Welcome to the latest installment of our series on segmenting best practices and use cases. Over the last two weeks, we’ve covered a lot of ground, including using segmentation to influence some of the leakiest leaks in the retail revenue bucket: increasing purchase frequency and preventing churn. But guess what. Churn still happens. So today, we’re going to discuss what to make your win-back efforts as effective as possible with good segmentation practices.
How Do You Win Them Back?
Let’s say you haven’t had the chance to optimize your churn prevention strategies (as described in our last post) or that you’ve got out-of-this-world retention rates thanks in large part to your scary effective churn prevention campaigns.
Even still, no one maintains a 100% retention rate. Great customers slip through the cracks, and they’re long gone despite your best efforts. How do you win them back? How do you want to reach out to that group?
You can split them into demographics again, the same story we’ve told throughout the series. That could lead you to target them in certain ways, but it’s a strategy with a lot of drawbacks.
You could look at first purchase or most recent purchase — this could tell you what they’re interested in and what might tempt them back into the fold. This has potential upsides. It might be useful information some of the time. But it's not quite telling you what’s going to reactivate that unique user. Maybe the last thing they bought was what turned them off to your brand! Maybe if you look at their entire purchase history, you might see that the first or last thing they bought was an out-of-character purchase, and therefore likely to not be relevant for a win-back message.
So, do you try to push what they just bought? Do you try to push something else? One way to find the answer is to to get into that experimentation loop to find better and better solutions.
But if you’re trying to win back a customer who’s bought four, five, six times with your brand, you have a ton of information at your fingertips.
Enter the Machine!
There are some really interesting segmentation tactics that you can use, clustering tactics, that think of customers more holistically. Not just in a sense of what did they buy first, what did they buy last, or what did they buy most often. Instead, the machine looks at a series of customers and finds the patterns that create buyer profiles.
Defining “type” as based on the collection of things a customer buys, you can look at your repeat buyers and ask the data, "Hey, what are the different types of shoppers I have?" In a fashion company, maybe there are some types of customers who tend to buy shirts and skirts, but there's another type who buys fancy jeans and boots. There's another type who buys accessories, a few shirts, and a lot of jeans.
The above-mentioned are all different types of customers that really bring to life who your customer is and what you should show them in your win-back campaigns. We refer to these things as persona segmentations.
So, for instance, the results of this kind of segmentation might look like this:
- Customer Type A: 30% jeans, 65% boots, 5% mix of other things.
- Customer Type B: 50% shirts, 48% skirts, 2% mix of other things.
- Customer Type C: 30% accessories, 30% jeans, 20% shoes
What's great about these segments is not only have we grouped customers into these types based on their longitudinal behavioral data, all of the data we've gathered on them from these powerful purchase moments over time, but they're also prescriptive.
If you’re looking at a customer who falls strongly into Type B, and they're fading away or they’re long gone, you don’t have to wonder for very long what products to show them to get the highest probability of their returning. You send an email that highlights your most recent shirts and skirts in stock. The same logic goes for any segments based on purchase history. Because these segments are a pretty sturdy snapshot of your business, you only need as many creative assets and you have segments, and deployment can be automated based on specific triggers.

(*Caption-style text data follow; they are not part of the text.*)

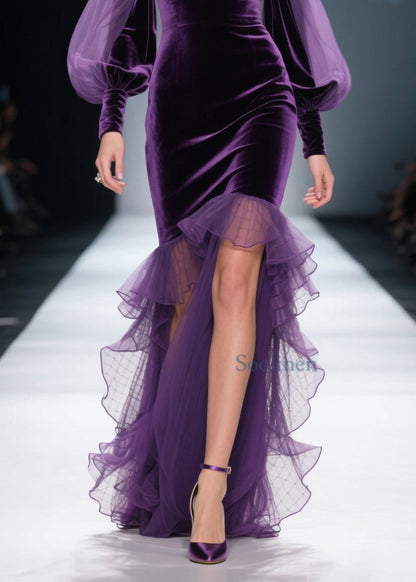 New Purple Asymmetrical Ruffled Patchwork Velvet Dress Spring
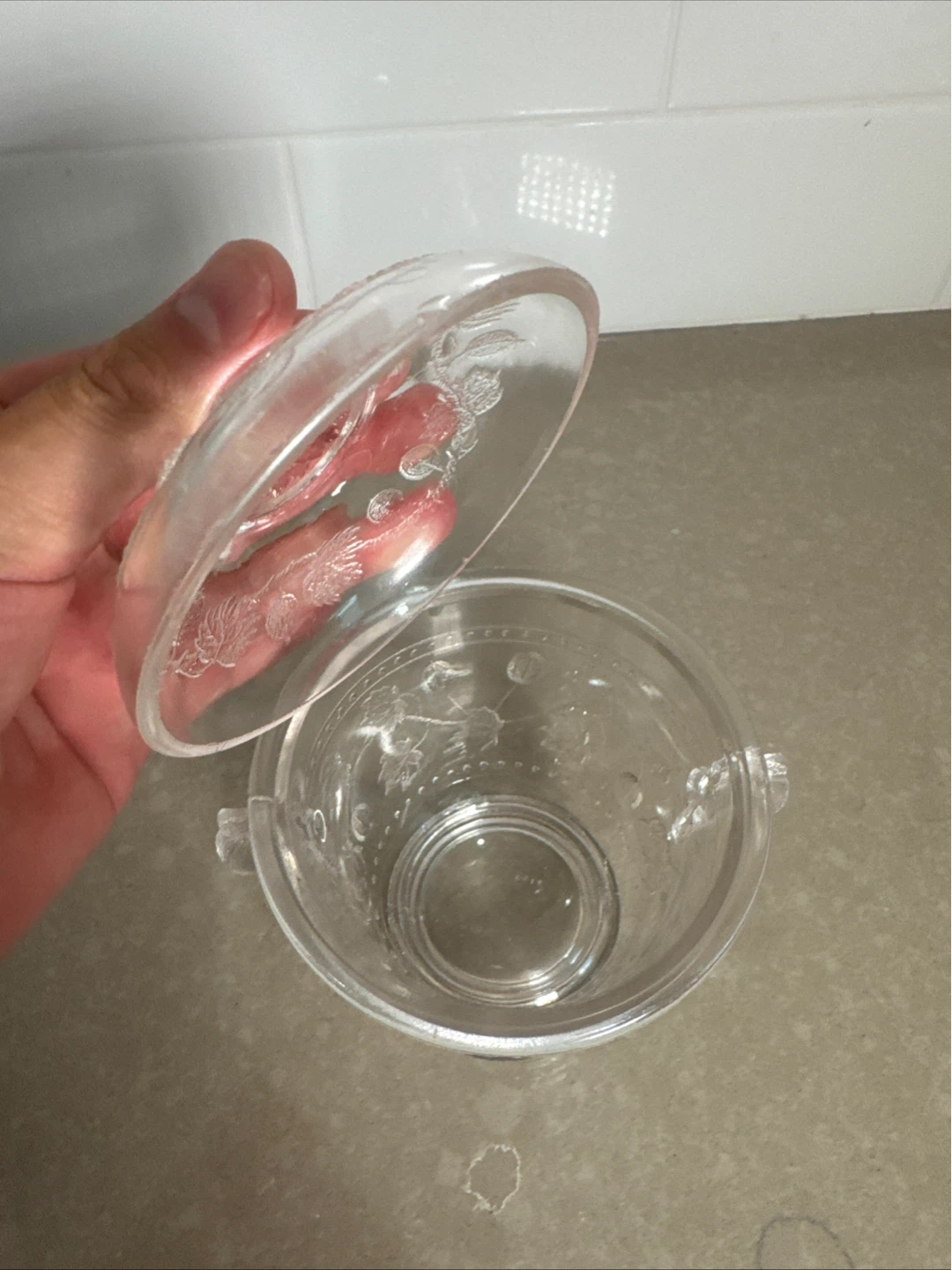 Clear Glass Embossed Lidded Jar - photo 3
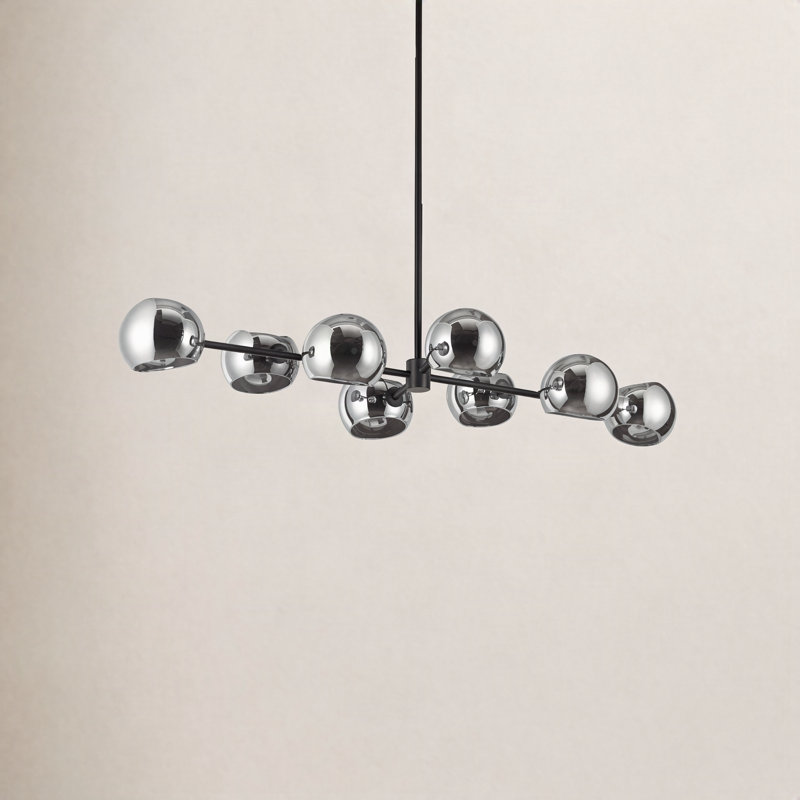 Willow 8 - Light Sputnik Chandelier, Smoke Solid, Matte Black
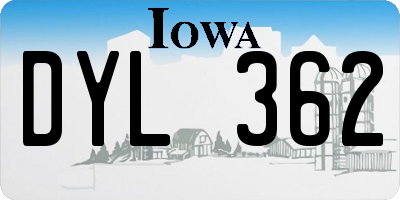 IA license plate DYL362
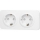 Aigostar - Prise murale double SCHUKO 250V/16A avec cadre, blanche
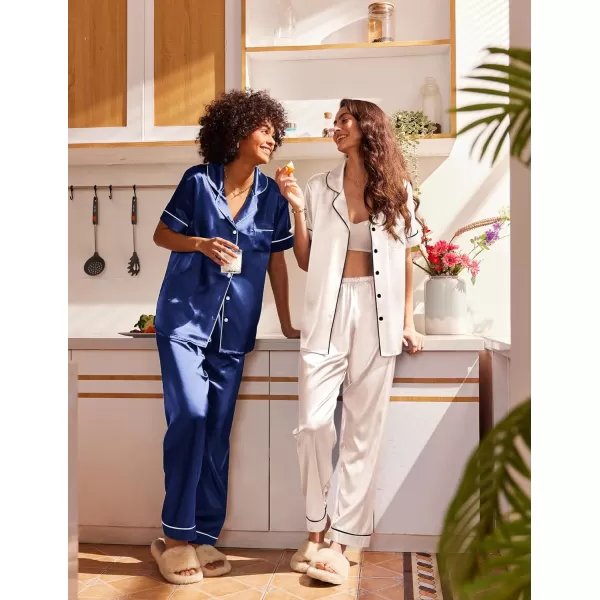 Ekouaer 2 Pack Satin Pajama Set for Women 4 Piece Short Sleeve Pj Set Silk Sleepwear Top and Long Pant Lounge SetChampagneBlue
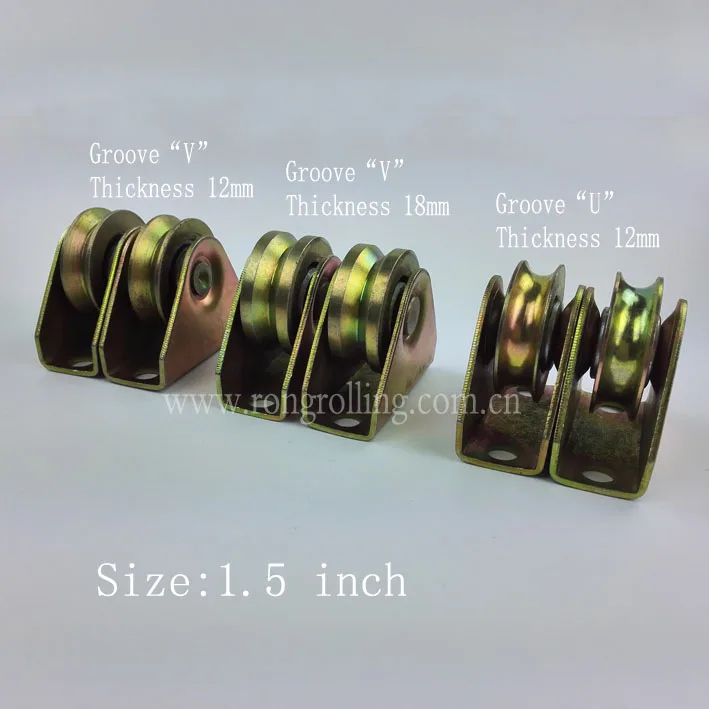 

1.5 inch sliding gate wheel groove "V" "U" with bearing and outer support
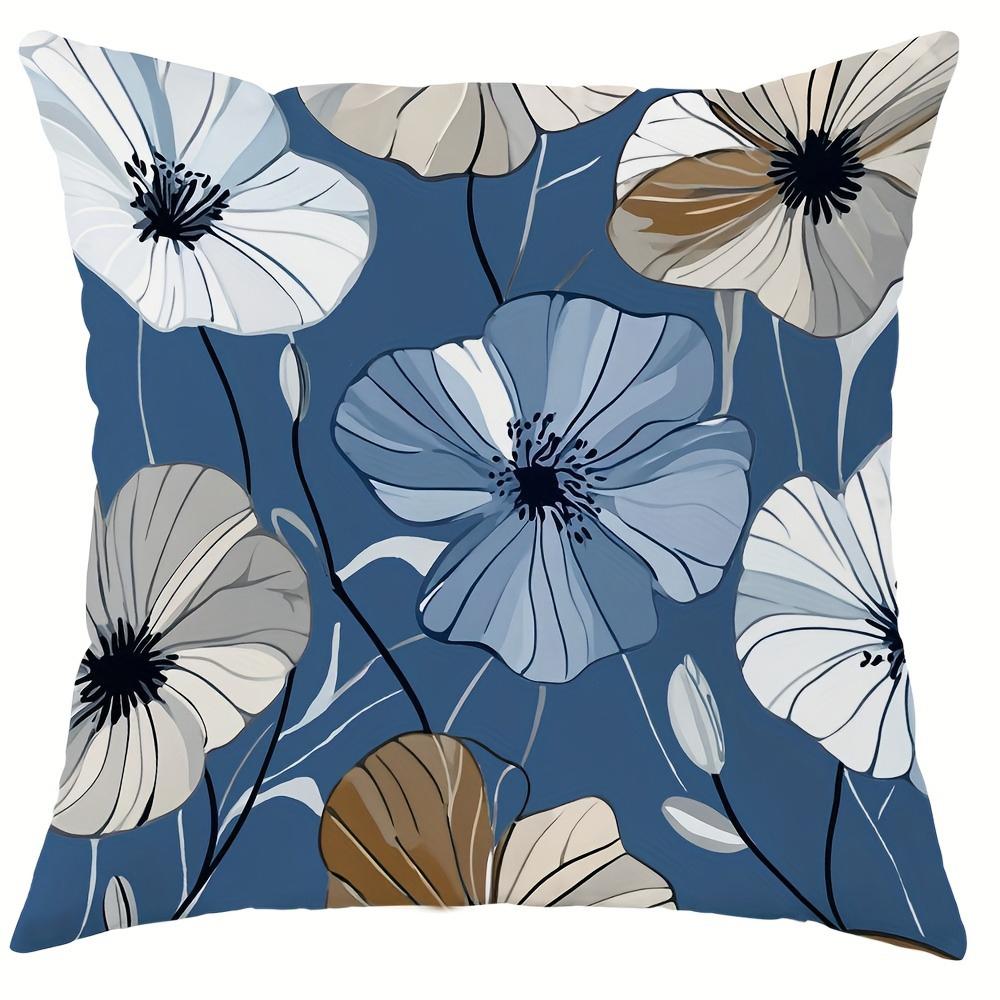 Blue - Toned Floral Elegance PillowcasesLiving Room Sofa Cushion Cover, Soft and Comfortable, Bedroom Room Decoration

This is when you get into the real power of the best segmentation. You not only identify people who are behaviorally similar whom you wouldn't have been able to see without running these models, but you get instructions on how to better connect with these customers. You can really see response rates, conversion rates, long-term lifetime value of customers go up when you discover ways to show customers these things that they're very interested in, looking beyond just single point-in-time moments.